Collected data

==================================================

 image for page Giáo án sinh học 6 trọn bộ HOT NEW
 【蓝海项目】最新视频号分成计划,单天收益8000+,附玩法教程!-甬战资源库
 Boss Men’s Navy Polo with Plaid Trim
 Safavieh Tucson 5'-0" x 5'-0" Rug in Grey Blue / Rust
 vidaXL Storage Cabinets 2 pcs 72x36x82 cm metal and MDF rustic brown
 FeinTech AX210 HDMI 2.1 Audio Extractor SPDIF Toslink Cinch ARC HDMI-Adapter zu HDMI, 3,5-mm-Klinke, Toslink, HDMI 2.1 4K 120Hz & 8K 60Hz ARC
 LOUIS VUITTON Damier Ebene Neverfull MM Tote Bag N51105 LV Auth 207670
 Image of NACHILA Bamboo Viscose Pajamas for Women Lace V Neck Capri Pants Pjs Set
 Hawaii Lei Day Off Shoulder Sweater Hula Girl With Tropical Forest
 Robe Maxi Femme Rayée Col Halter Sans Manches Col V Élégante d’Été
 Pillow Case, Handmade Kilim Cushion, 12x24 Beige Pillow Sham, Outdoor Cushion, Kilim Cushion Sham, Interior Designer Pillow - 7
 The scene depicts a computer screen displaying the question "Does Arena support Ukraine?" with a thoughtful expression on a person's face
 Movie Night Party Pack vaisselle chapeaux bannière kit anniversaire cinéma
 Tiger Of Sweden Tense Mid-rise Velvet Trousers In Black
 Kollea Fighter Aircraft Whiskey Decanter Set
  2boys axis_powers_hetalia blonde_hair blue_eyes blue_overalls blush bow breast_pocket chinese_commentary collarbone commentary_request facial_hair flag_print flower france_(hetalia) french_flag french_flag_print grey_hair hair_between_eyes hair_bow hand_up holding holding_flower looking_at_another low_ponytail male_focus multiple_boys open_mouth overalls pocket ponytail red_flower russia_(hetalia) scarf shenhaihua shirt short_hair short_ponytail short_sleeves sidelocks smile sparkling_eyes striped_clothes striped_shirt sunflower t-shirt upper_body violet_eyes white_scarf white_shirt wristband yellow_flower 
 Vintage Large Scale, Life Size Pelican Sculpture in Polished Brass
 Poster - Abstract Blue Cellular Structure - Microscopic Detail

==================================================

Task instructions >>
When you reach this point, go back and write out each record above exactly.

Response for this exercise >>
 image for page Giáo án sinh học 6 trọn bộ HOT NEW
 【蓝海项目】最新视频号分成计划,单天收益8000+,附玩法教程!-甬战资源库
 Boss Men’s Navy Polo with Plaid Trim
 Safavieh Tucson 5'-0" x 5'-0" Rug in Grey Blue / Rust
 vidaXL Storage Cabinets 2 pcs 72x36x82 cm metal and MDF rustic brown
 FeinTech AX210 HDMI 2.1 Audio Extractor SPDIF Toslink Cinch ARC HDMI-Adapter zu HDMI, 3,5-mm-Klinke, Toslink, HDMI 2.1 4K 120Hz & 8K 60Hz ARC
 LOUIS VUITTON Damier Ebene Neverfull MM Tote Bag N51105 LV Auth 207670
 Image of NACHILA Bamboo Viscose Pajamas for Women Lace V Neck Capri Pants Pjs Set
 Hawaii Lei Day Off Shoulder Sweater Hula Girl With Tropical Forest
 Robe Maxi Femme Rayée Col Halter Sans Manches Col V Élégante d’Été
 Pillow Case, Handmade Kilim Cushion, 12x24 Beige Pillow Sham, Outdoor Cushion, Kilim Cushion Sham, Interior Designer Pillow - 7
 The scene depicts a computer screen displaying the question "Does Arena support Ukraine?" with a thoughtful expression on a person's face
 Movie Night Party Pack vaisselle chapeaux bannière kit anniversaire cinéma
 Tiger Of Sweden Tense Mid-rise Velvet Trousers In Black
 Kollea Fighter Aircraft Whiskey Decanter Set
  2boys axis_powers_hetalia blonde_hair blue_eyes blue_overalls blush bow breast_pocket chinese_commentary collarbone commentary_request facial_hair flag_print flower france_(hetalia) french_flag french_flag_print grey_hair hair_between_eyes hair_bow hand_up holding holding_flower looking_at_another low_ponytail male_focus multiple_boys open_mouth overalls pocket ponytail red_flower russia_(hetalia) scarf shenhaihua shirt short_hair short_ponytail short_sleeves sidelocks smile sparkling_eyes striped_clothes striped_shirt sunflower t-shirt upper_body violet_eyes white_scarf white_shirt wristband yellow_flower 
 Vintage Large Scale, Life Size Pelican Sculpture in Polished Brass
 Poster - Abstract Blue Cellular Structure - Microscopic Detail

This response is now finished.